The purpose of this paper is to critically examine the politics and pure economics of the debate on petroleum products subsidy in Nigeria. The paper is divided into three parts. In this first part, I will examine the politics of the debate. Part II will look at the elementary economics (Economics 101) of petroleum products subsidy, otherwise known as fuel subsidy[i], in Nigeria. In part III, I will undertake an advanced economic analysis of fuel subsidy in Nigeria from a global perspective using available data and statistical tools and then examine different options to address the issue. I will then conclude the paper by recommending an “optimal” approach to the pricing of petroleum products in Nigeria after[ii].

2.      Background

The issue of “appropriate” pricing of petroleum products or removal of subsidy has always been a thorny and controversial public policy issue in Nigeria over the past 30 years. Successive governments, including the current one, have grappled with this problem to no avail. Like most other public policy issues, there seem to be no generally accepted solution because of the interplay of politics and economics. The federal government maintains that petroleum products subsidy has increased significantly in the past decade even though the prices of petroleum products have also increased significantly at the same time. For instance, according to Adenikinju (2009), total subsidy on petroleum products increased from N261.1 billion ($2.03 billion) in 2006 to N623.2 billion ($5.37 billion) in 2008[iii]. It apparently reached N1.348 trillion (about $8.5 billion) between January and October 2011 (ten months of 2011).  At the same time, the price of motor premium spirit (PMS) otherwise known as petrol or gasoline, which accounts for between 70% to 85% of total petroleum products consumed in the country,  has increased from N27 per litre in 2000 to N51 per litre in 2006, N59 per litre in 2008 and N65 per litre in 2009. The problem is that the prices of petroleum products are administratively determined and do not reflect true supply cost and the forces of supply and demand. So long as petroleum products prices are fixed by government the government will continue to grapple with the issue of subsidy and the debate will not end. Thus whenever the so-called subsidy is “removed” or reduced, it resurfaces within a few years due to changes in the underlying factors. This leads to another round of debate on the removal or reduction of the new subsidy.

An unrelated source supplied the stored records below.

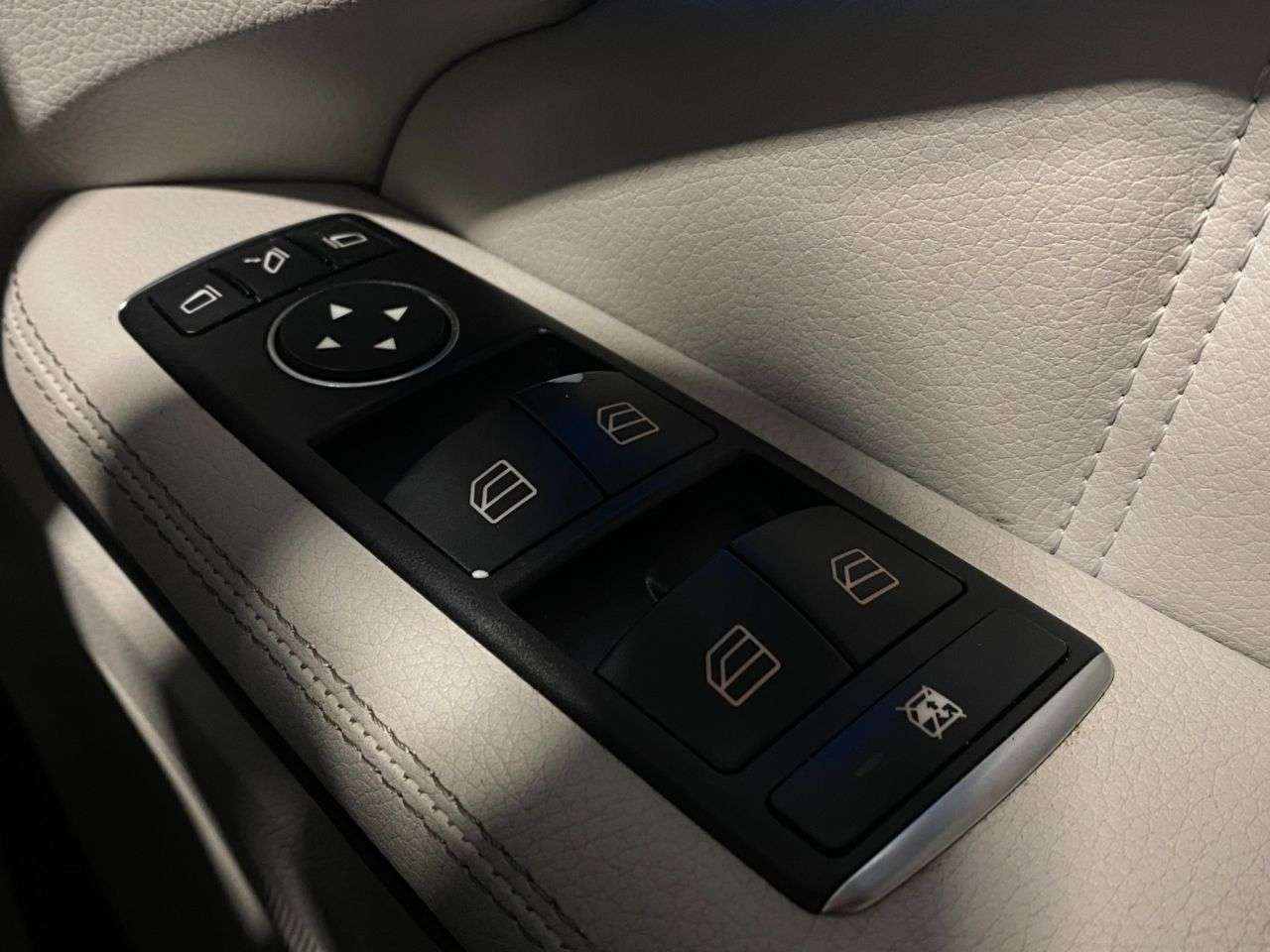 2015 MERCEDES E CLASS 2015 MERCEDES E CLASS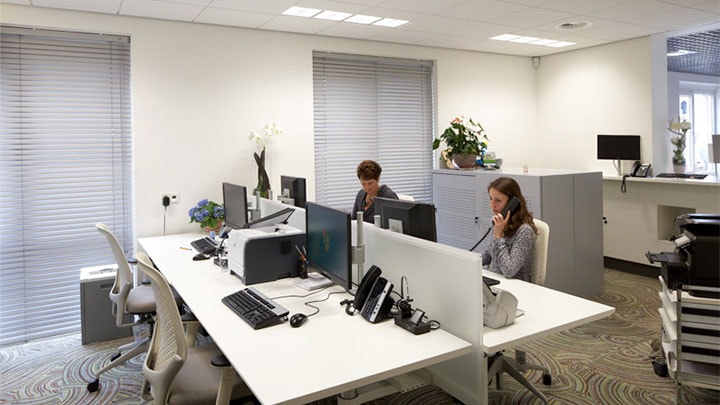 La oficina del Centro de salud Lindehof iluminada por Philips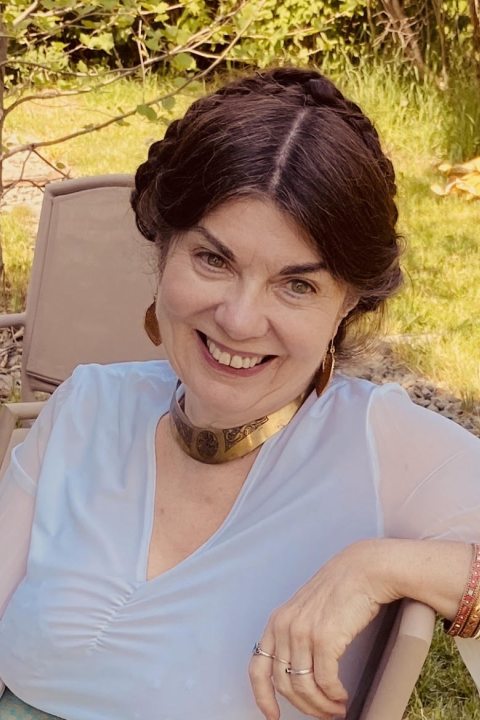 Mary Hess Headshot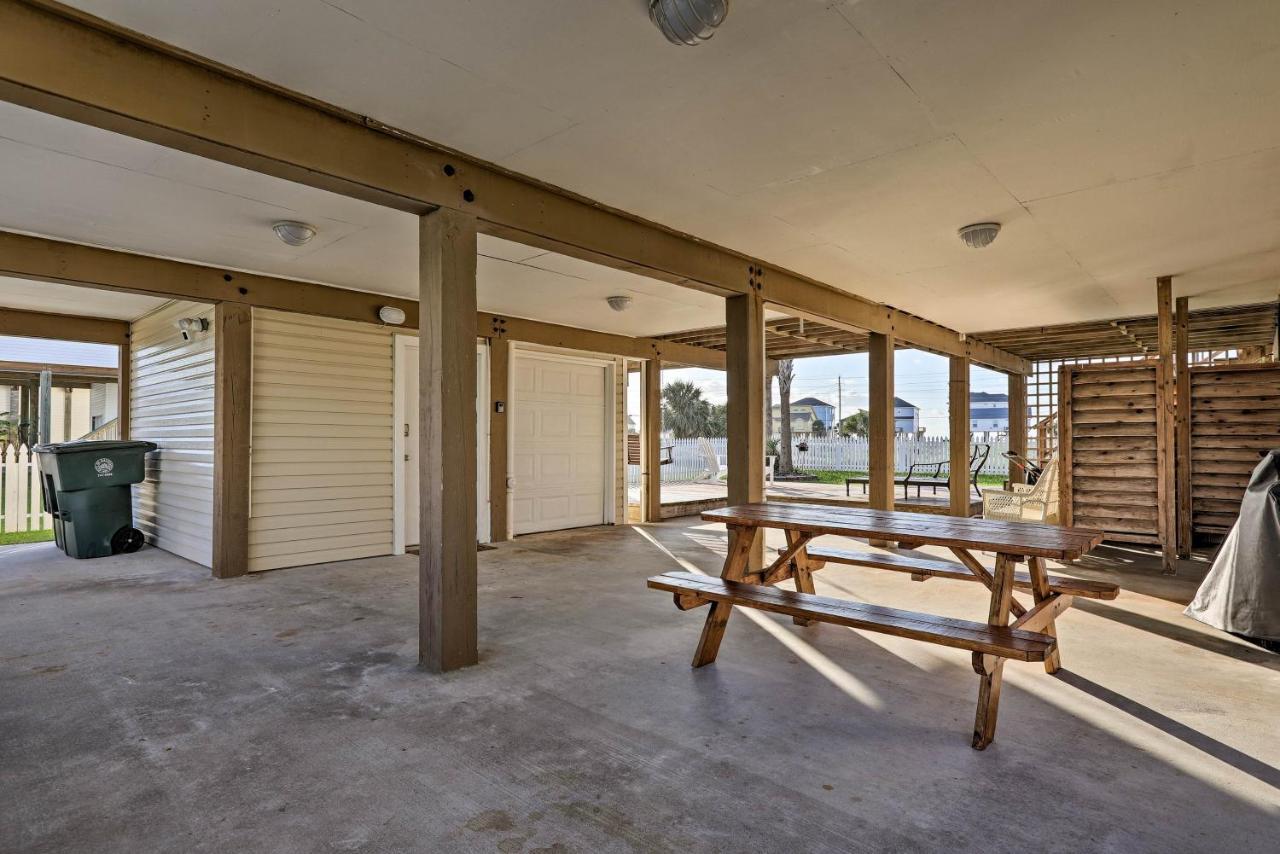 House With Ocean Views And 2 Decks! Holiday home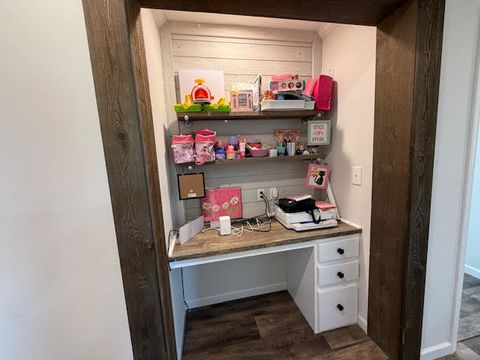 Tiny photo for 708 E South Avenue, Bluford, IL 62814 (MLS # 12624556)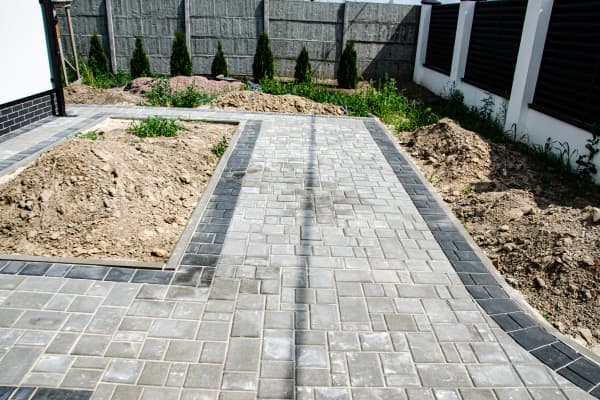 Gartenweg gepflastert mit einem umgepflanzten Garten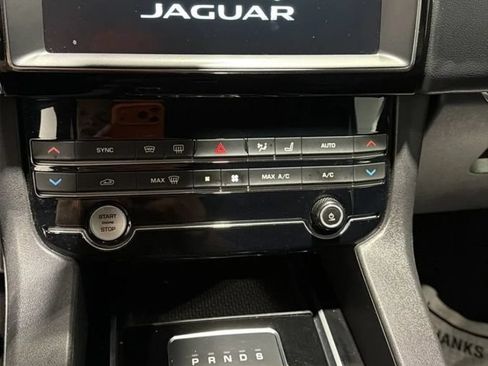 Used 2019 Jaguar F-PACE Premium AWD/4WD image 9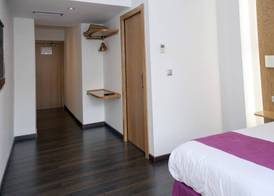 Hotel Jatorrena 4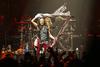 Zaradi trajne poškodbe glasilk Stevena Tylerja se skupina Aerosmith predčasno umika z odrov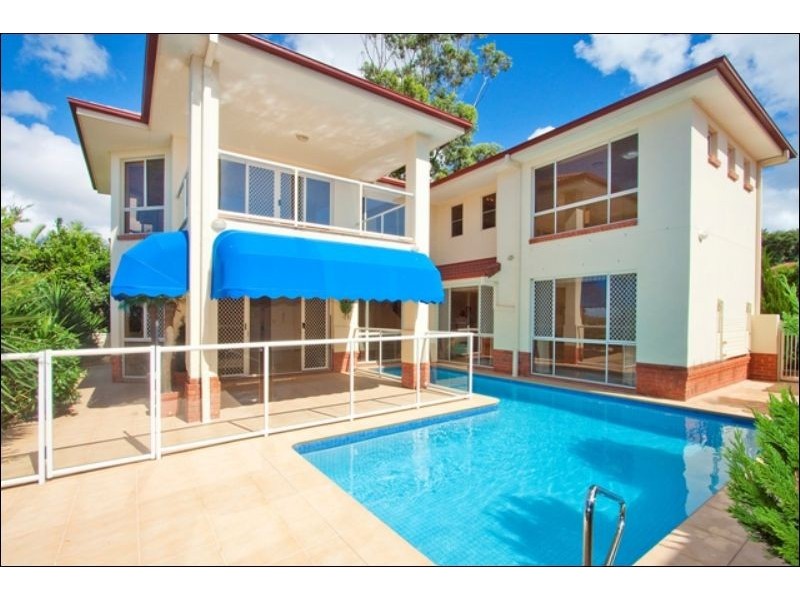 10A Peter St, Banora Point NSW 2486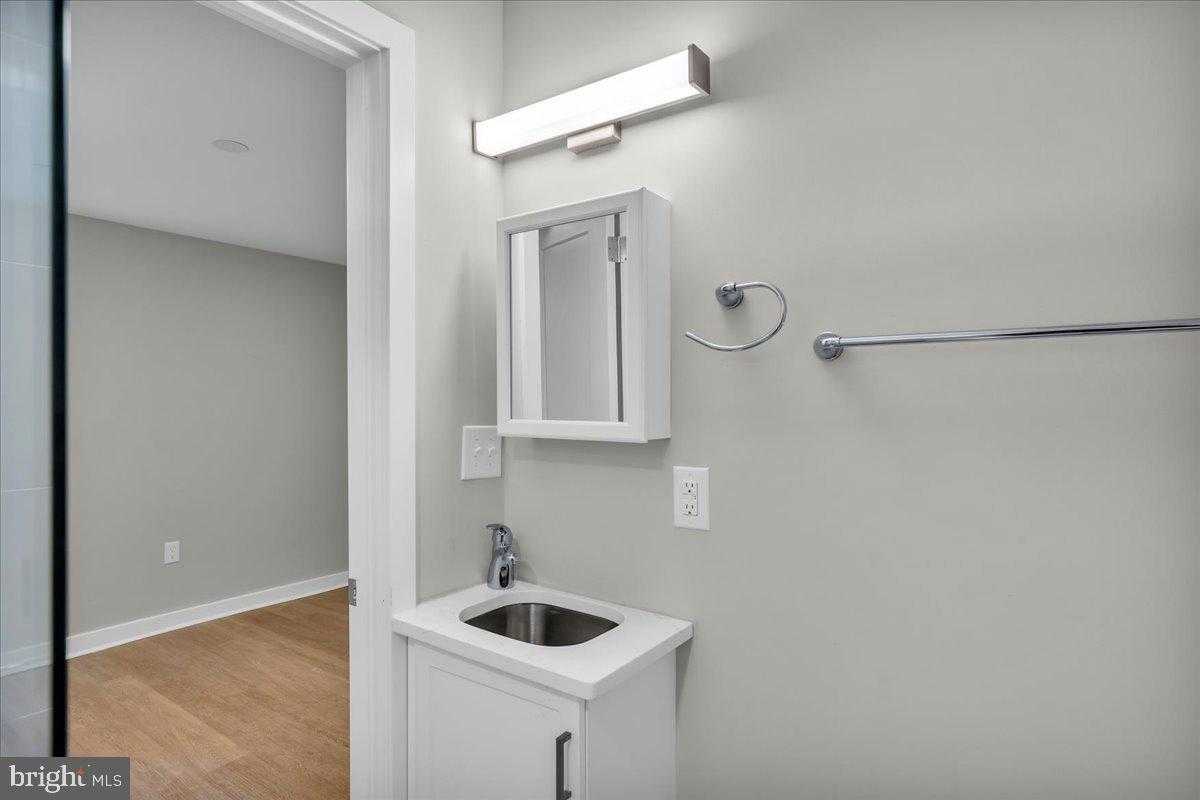 802 W Norris St photo 17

In an attempt to ensure that petroleum product prices reflect supply cost and the forces of demand and supply, President Obasanjo embarked on the deregulation of the downstream oil industry in August 2000 with the setting up of a Special Committee on the Review of Petroleum Products Supply and Distribution (SRCPPSD). The Committee submitted its report in October 2000 and the government issued its White Paper on it in January 2001. The President forwarded the Bill for an Act to Establish Petroleum Products Pricing Regulatory Committee (PPPRC) to the National Assembly in March 2001.  
In January, 2002, the government commenced the liberalization of the downstream sector of the oil industry by fixing the ceiling prices for petrol (PMS), diesel (AGO) and kerosene (HHK) at N26, N26 and N24 per litre, respectively. An import duty N1.50 per litre on imported petroleum products was introduced while selling price of crude to local refineries was increased from $9.50 to $18.0 per barrel. However, the import duty was removed in July 2002 to encourage marketers to import petroleum products which meant that imported petroleum. The Senate passed the Petroleum Products Pricing Regulatory Agency (Establishment) Bill on February 5, 2003 and the House of Representatives did the same on May 22, 2003.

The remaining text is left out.